Media lessons from a millennial

By Dave Kempa

Al Jazeera America battles for footing on satellite and cable TV. Journalist Glenn Greenwald leaves The Guardian to create a new company with eBay Inc.’s founder. Meanwhile, newspaper orgs like The McClatchy Company and Gannett Company drop reporters like loose change at the laundromat, leaving many of us wondering when and how our roiling media landscape will settle.

We already have a few indicators. We know the average American’s news diet has pivoted toward new technology, and that the largest share of this shift is driven by my age group—the millennials. And as much as older generations may think us entitled and lazy, it’s going to pay to understand our habits. To begin the conversation, I’d like to offer up a few observations:

TV is a joke. Network news is generally a farce, as most of us not enrolled in AARP know. According to Nielsen ratings, the median ages of prime-time cable-news viewers are 59.8 years for CNN, 60.2 for MSNBC and 65-plus over at Fox News. (Nielsen stops calculating past 65.) That isn’t to say millennials don’t know what’s going on with cable news. If we don’t catch clips shared through social media, we watch pundits get ridiculed on The Daily Show With Jon Stewart or The Colbert Report.
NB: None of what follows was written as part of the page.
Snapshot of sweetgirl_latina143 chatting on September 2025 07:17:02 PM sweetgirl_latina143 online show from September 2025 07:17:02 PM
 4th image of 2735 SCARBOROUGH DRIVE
The journalist, not the organization, is the brand. Media oracles like Jay Rosen and Jeff Jarvis continue to drive this point home. Young adults spend less time on news organizations’ home pages than they do following journalists they trust on social media. Increasingly, we’re going to see dogged reporters who have become authorities on their beats rise to the top of the media ladder, regardless of their affiliate organization. Which brings me to my final point:

You are the media. Yes, you. If you use Facebook, Twitter or any form of social media to share or comment on current events, then you are a part of the media landscape.

This, mind you, is a double-edged sword. When you complain about “the media” not covering something, chances are you’re wrong. Someone, somewhere is probably reporting on the topic quite well, and the onus is on you to find those stories and share them with your network.